Grain prices mixed/lower despite the weekend freeze and Black Sea concerns.

Grain prices are mixed to lower to start the week, despite what was likely some winterkill in HRW/SRW wheat country and concern that Russia will halt the Black Sea Grain Corridor by mid-May. It’s the sharp decline in Brazilian beans still remained weak, with over 50% of the harvest completed and the threat of Brazilian corn price weakness as they prepare for a competitive and active export program in July. Corn and soybean exports have fallen off with China’s recent exit of buying interest, and it appears our export program will remain thin now through the end of the crop season.

Domestic tightness is being played out on basis premiums rather than contract flat price, as central Illinois had corn being bid $0.65 over the July contract while soybeans were $0.70 over as end users hunt for supply with the onset of planting. The extreme premium May is seeing over July corn of $0.50 reflects a minimal or nonexistent export program where domestic end users have complete control of the market with only regional basis premiums needed to finish the crop year.

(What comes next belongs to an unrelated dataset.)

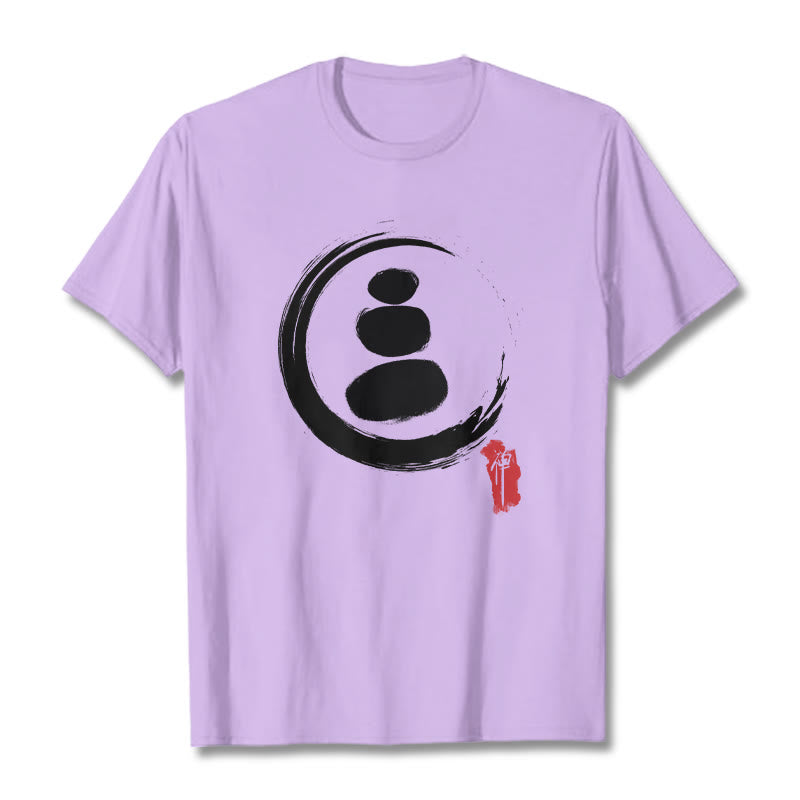 Camiseta de algodón con círculos zen y Buddha Stones - Ciruela - 2XL - image 15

Russia is pessimistic about extending the Black Sea Corridor as ahead of its grain union states that it has done nothing to bolster world end users or Russia. Farmer Russian Pres. Medvedev said Sunday that the G-7 nations moved to ban their exports to Russia, that Russia will quickly end the flow of Ukraine’s grain. Russian PM Lavrov and the UN will hold the last-ditch meeting this week to see if the corridor can be salvaged.

Weekend weather had frost/freeze producing isolated damage to the heading HRW/SRW wheat on the weekend. It will take a week to fully no what the damage has been. Lows reached the upper 20s as far south as N Oklahoma, S Illinois, and S Indiana, where the wheat was entering the reproductive stage. Cold temperatures will limit spring seeding across the Northern Plains, with light snowfall having been recorded last Friday/Saturday. The cold persists for another 10-12 days before moderating. North Dakota farmers will have a difficult decision as they continue to plan for intended corn acres or enroll in Preventive Plant. Most farmers will likely try to push the dates and accept the discounts with still profitable margins.

Live and feeder cattle are called lower this morning after the April Cattle on Feed report was slightly negative to expectations with placements at 99% versus 95% expected and inventory at 96% versus 95% expected. The placement date is bearish, but the feedlot inventory will ultimately be the most important. The 1% difference between expectations and actual inventory is 75,000 head or about one-half of one day’s fed cattle slaughter. Despite the report, cattle supplies will continue to tighten as this inventory data does not alter the tight outlook. Historical prices and volatility will become the problem if demand is felt to be softening in the summer, which is a bigger concern.